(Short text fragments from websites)
┌────────

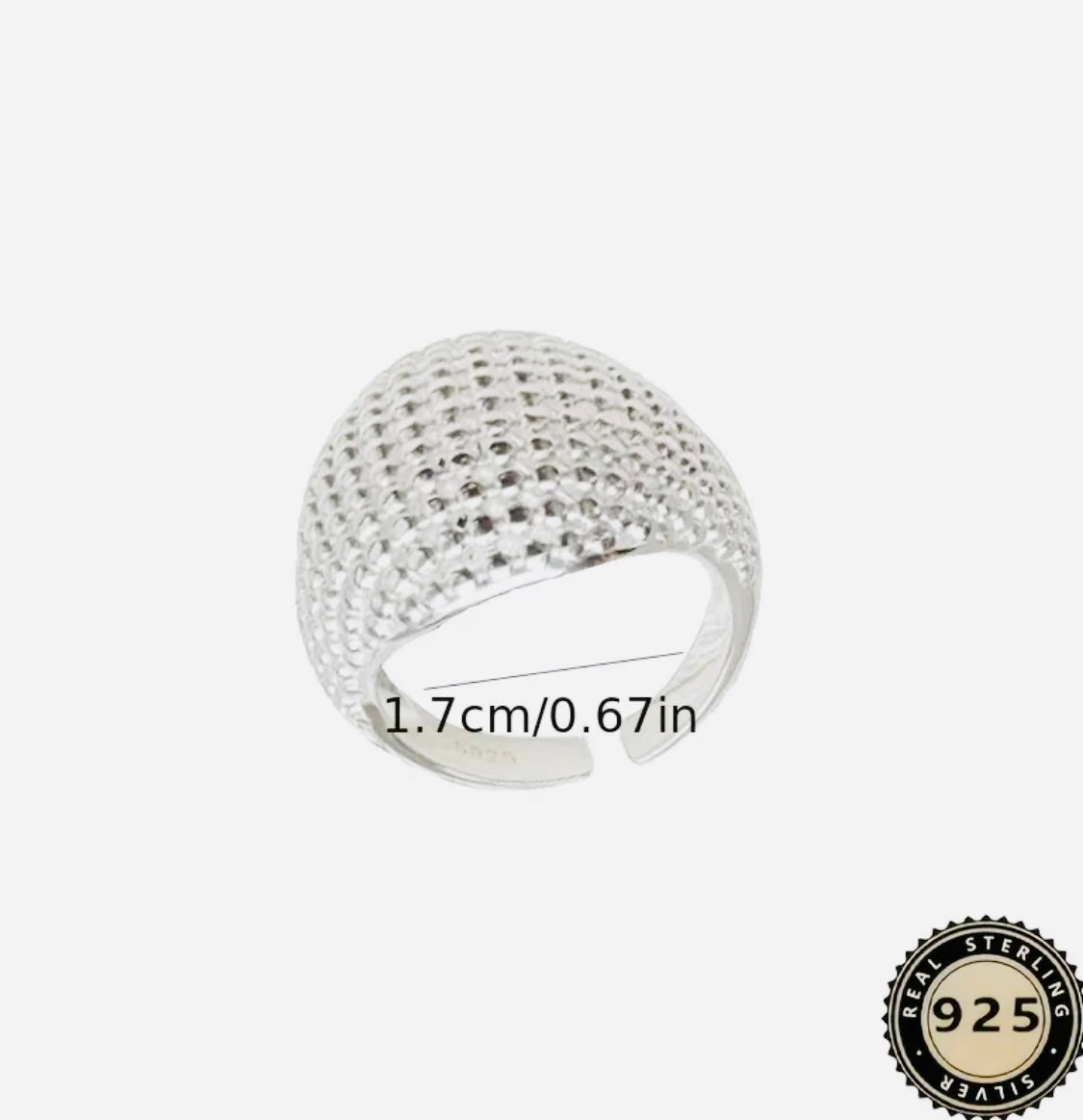 Helegante Anillo de Plata .925 Hipoalergenico-Unitalla Perfecto para Regalo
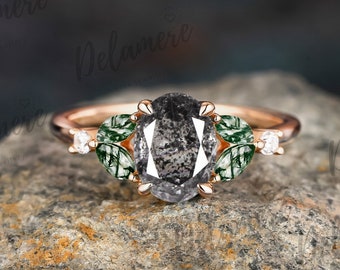 Natural Herkimer Diamond Engagement Ring Solid Gold Oval Shape Vintage Salt & Pepper Diamond Wedding Ring Art Deco Moss Agate Cluster Ring
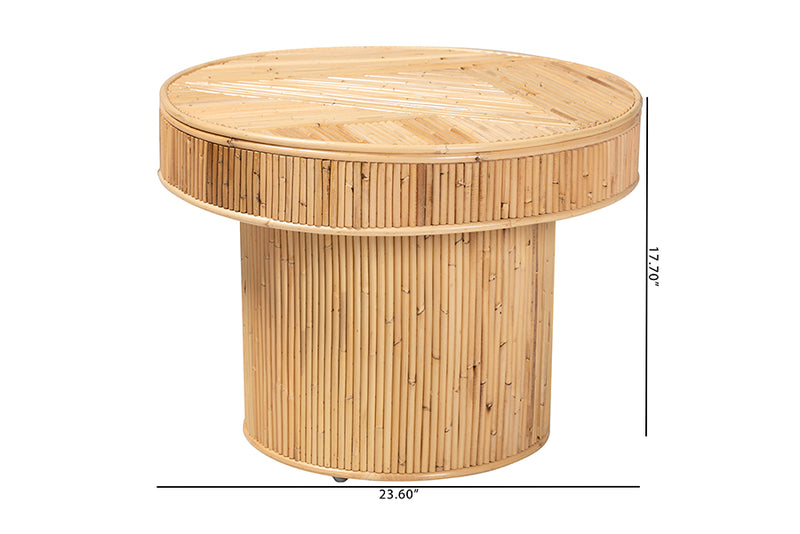 Harrison Modern Bohemian Natural Rattan End Table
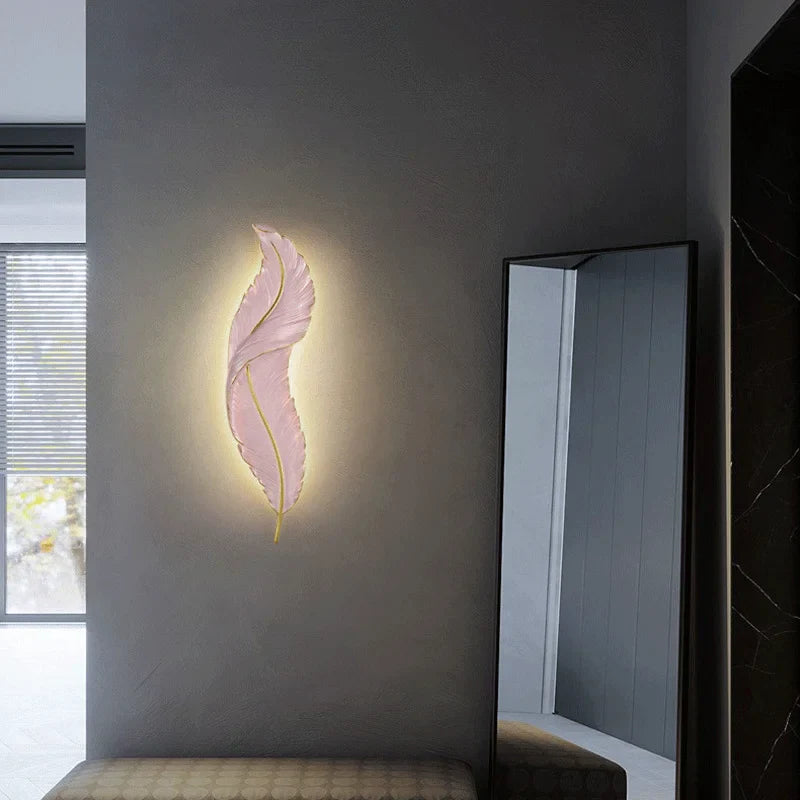 Modern Luxury LED Feather Wall Sconces by Axyaa for Bedroom and Living Room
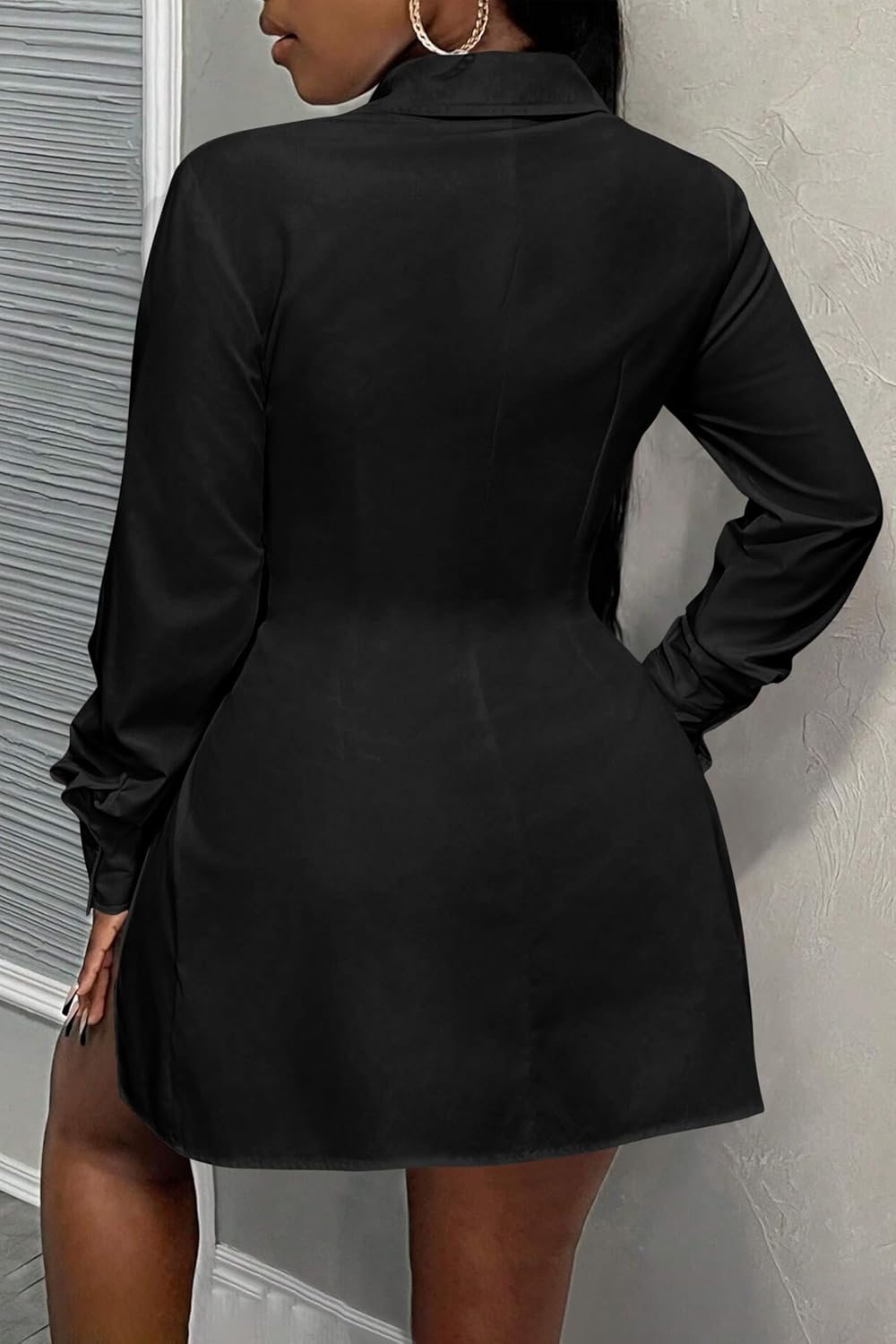 Womens Shirt Dress Button Down Long Sleeve Collar V Neck Sexy Slit Casual Loose Blouses Tops Mini Dresses for Women - Image 6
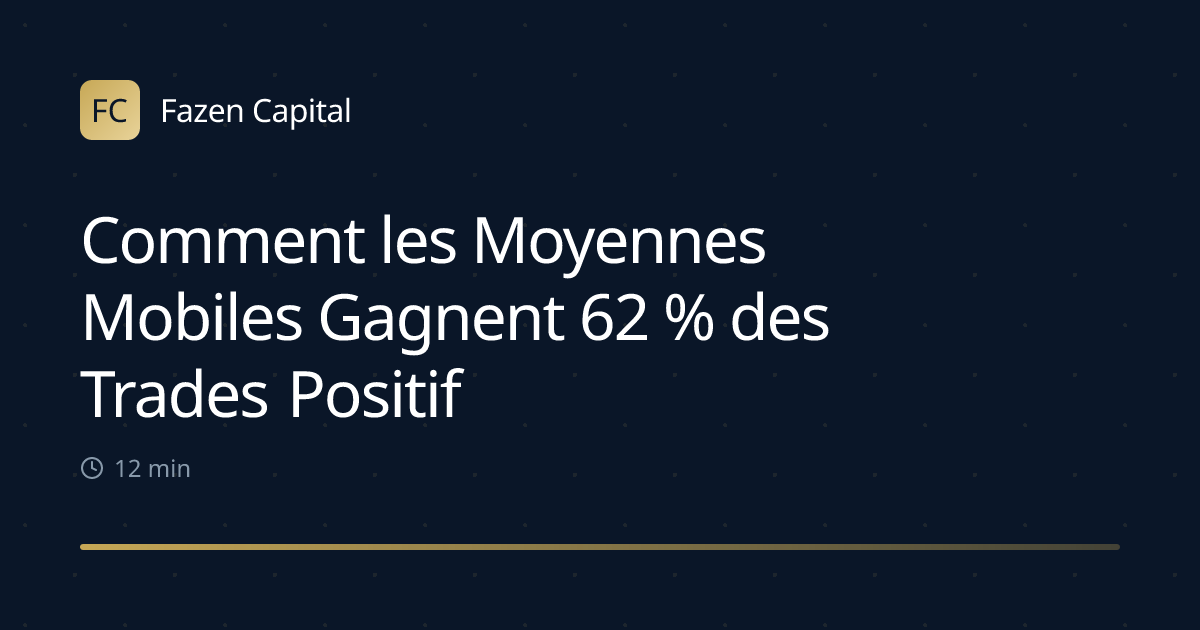 Comment les Moyennes Mobiles Gagnent 62 % des Trades Positifs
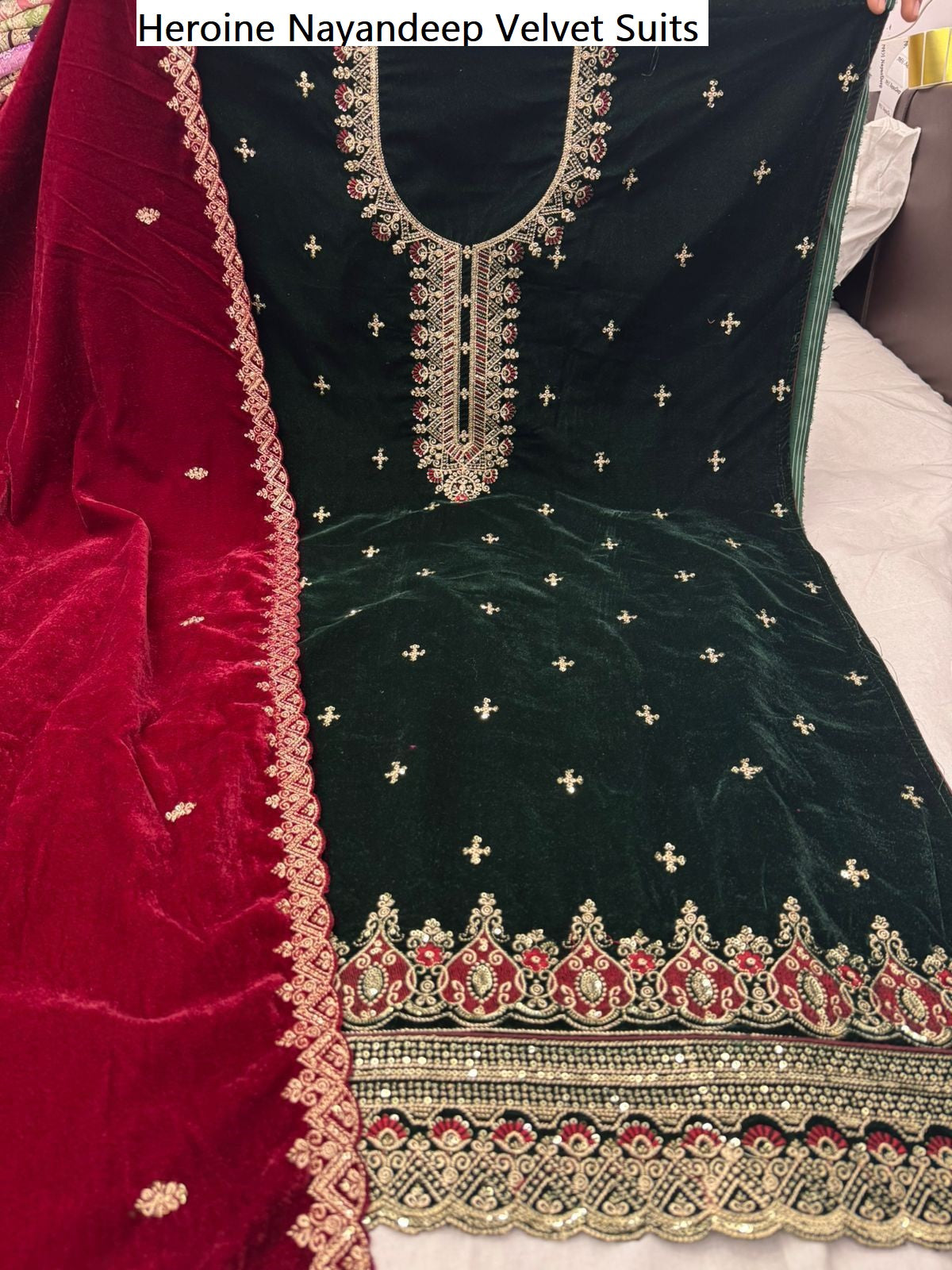 Heroine Nayandeep Velvet Suits Wholesale Price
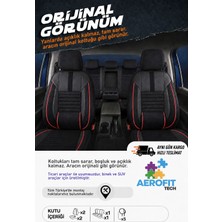 MKG Otomotiv Vw cc Phantom Siyah Kırmızı Tay Tüyü Oto Koltuk Kılıfı Tam Set -Ortopedik-Kolay Montaj-Terletmez 2008-2016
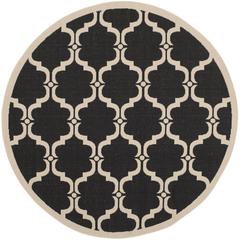COURTYARD, BLACK / BEIGE, 5'-3" X 5'-3" Round, Area Rug, CY6009-226-5R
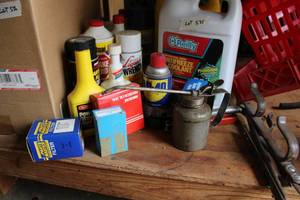 lot 535 image: Automotive Lot Antifreeze, Brake Fluid, Power Steering Fluid, Oil Can and More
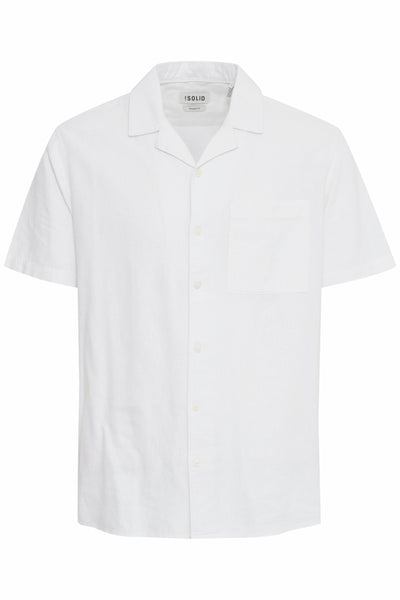 !Solid Sdallan S/S Linen Mix Cuba Shirt - Off White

└────────

§ **What you have to do**
Repeat only the lines from the one holding "MKG Otomotiv Vw" through the last line of the data, inclusive. Keep the pictures out.

§ **Response to this exercise**
 MKG Otomotiv Vw cc Phantom Siyah Kırmızı Tay Tüyü Oto Koltuk Kılıfı Tam Set -Ortopedik-Kolay Montaj-Terletmez 2008-2016
COURTYARD, BLACK / BEIGE, 5'-3" X 5'-3" Round, Area Rug, CY6009-226-5R
 lot 535 image: Automotive Lot Antifreeze, Brake Fluid, Power Steering Fluid, Oil Can and More
 !Solid Sdallan S/S Linen Mix Cuba Shirt - Off White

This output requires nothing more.